> TASK BRIEF:
Once you reach the line containing "Solution number one, perform" in the data below, restate each line word for word up to and including the one containing "As you can see, BioFun".

> RECORDS FOR THIS TASK:
• • • • • • •

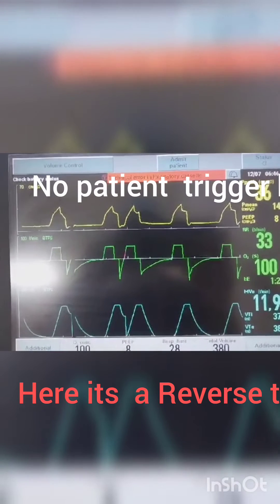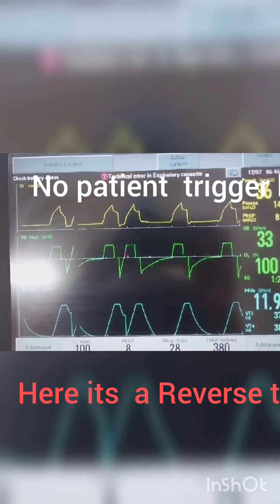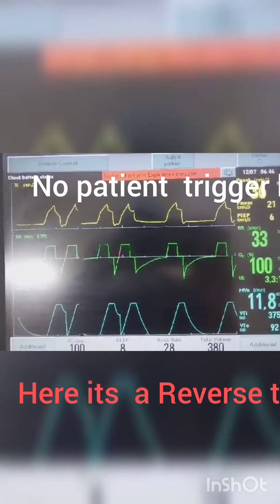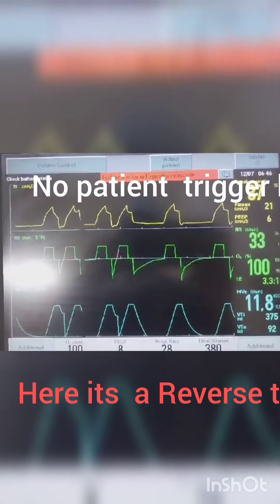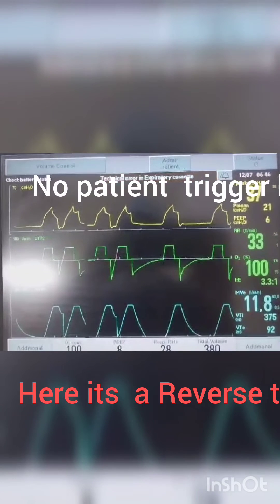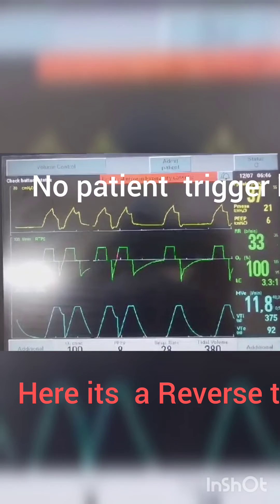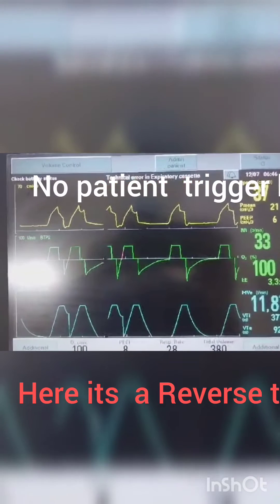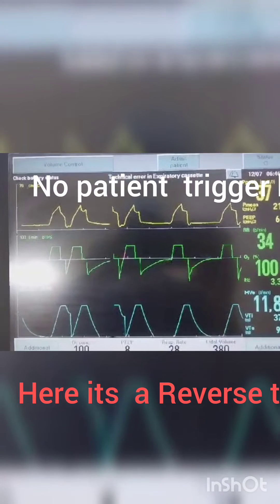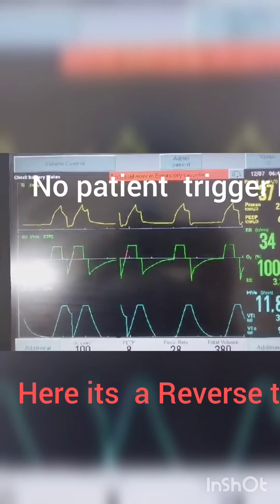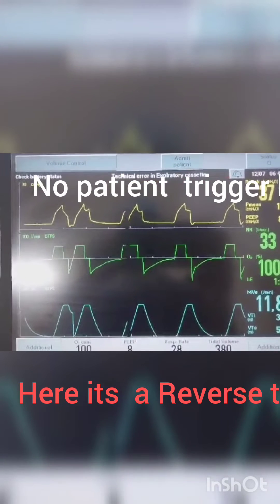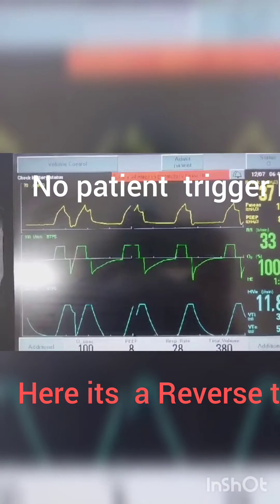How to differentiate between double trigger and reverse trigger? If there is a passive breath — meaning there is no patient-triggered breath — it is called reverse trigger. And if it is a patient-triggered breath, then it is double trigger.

• • • • • • •

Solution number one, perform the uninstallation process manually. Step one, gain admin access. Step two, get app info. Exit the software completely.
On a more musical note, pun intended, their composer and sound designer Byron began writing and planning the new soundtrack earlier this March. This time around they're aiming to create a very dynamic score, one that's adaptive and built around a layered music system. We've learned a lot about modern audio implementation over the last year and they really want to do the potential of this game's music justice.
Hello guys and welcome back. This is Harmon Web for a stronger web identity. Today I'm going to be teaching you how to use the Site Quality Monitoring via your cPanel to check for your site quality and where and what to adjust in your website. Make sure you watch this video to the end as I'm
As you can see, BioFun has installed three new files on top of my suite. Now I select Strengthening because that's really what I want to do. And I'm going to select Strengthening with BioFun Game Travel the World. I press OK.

• • • • • • •

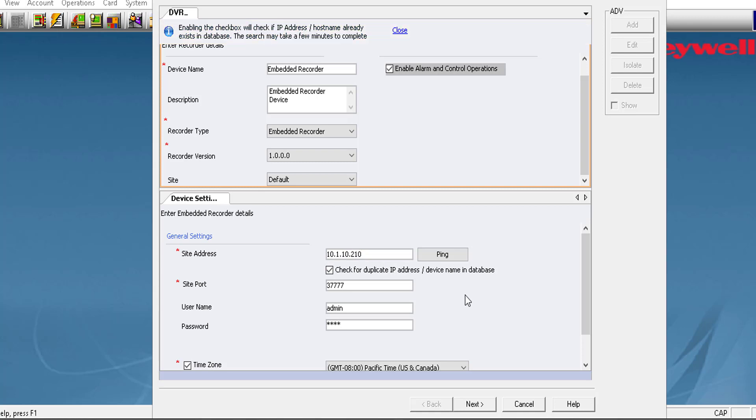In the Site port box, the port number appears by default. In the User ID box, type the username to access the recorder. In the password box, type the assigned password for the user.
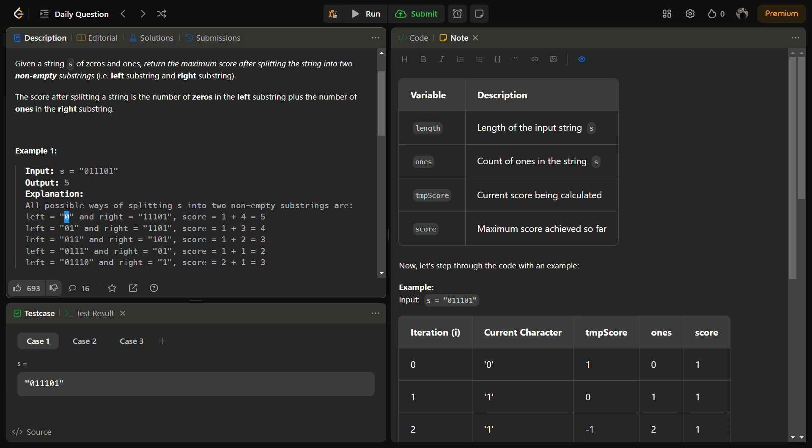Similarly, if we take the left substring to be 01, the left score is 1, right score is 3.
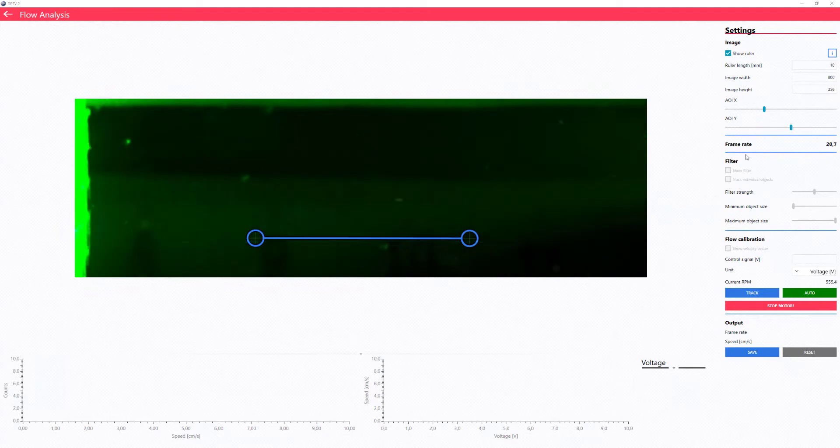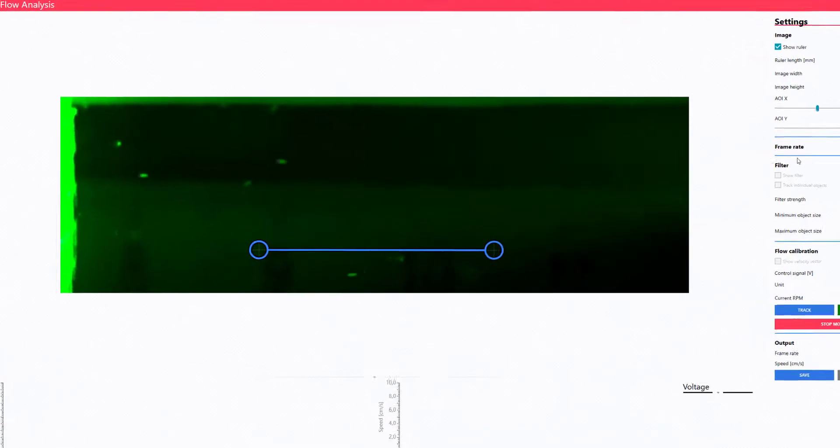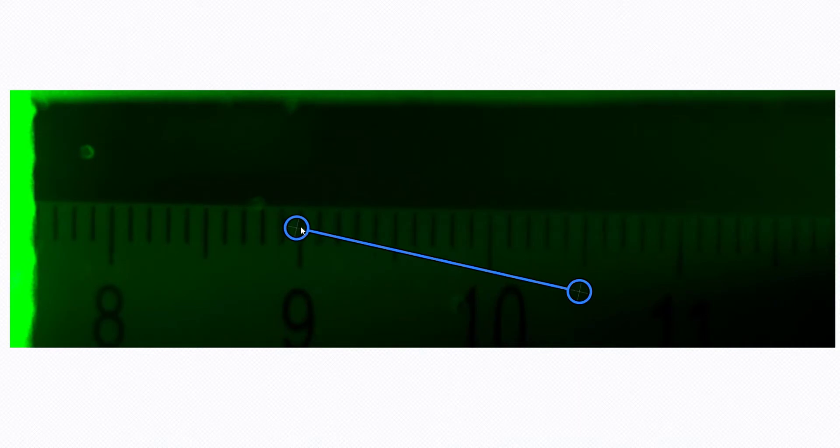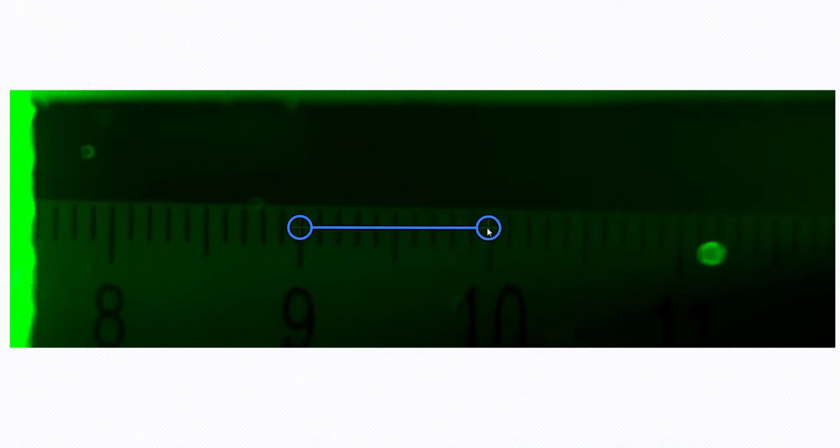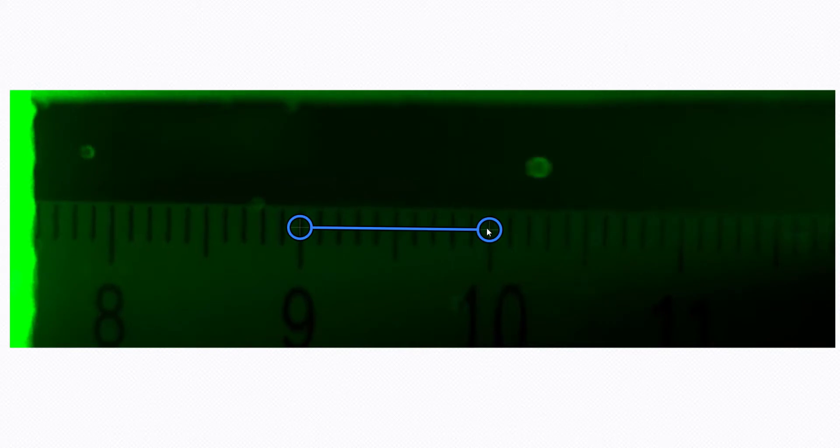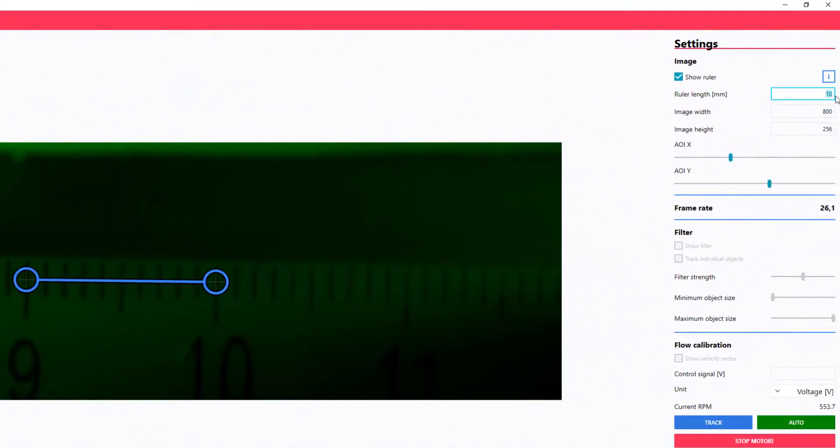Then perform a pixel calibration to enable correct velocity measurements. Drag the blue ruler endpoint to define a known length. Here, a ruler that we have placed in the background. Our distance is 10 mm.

• • • • • • •

> REPLY:
Solution number one, perform the uninstallation process manually. Step one, gain admin access. Step two, get app info. Exit the software completely.
On a more musical note, pun intended, their composer and sound designer Byron began writing and planning the new soundtrack earlier this March. This time around they're aiming to create a very dynamic score, one that's adaptive and built around a layered music system. We've learned a lot about modern audio implementation over the last year and they really want to do the potential of this game's music justice.
Hello guys and welcome back. This is Harmon Web for a stronger web identity. Today I'm going to be teaching you how to use the Site Quality Monitoring via your cPanel to check for your site quality and where and what to adjust in your website. Make sure you watch this video to the end as I'm
As you can see, BioFun has installed three new files on top of my suite. Now I select Strengthening because that's really what I want to do. And I'm going to select Strengthening with BioFun Game Travel the World. I press OK.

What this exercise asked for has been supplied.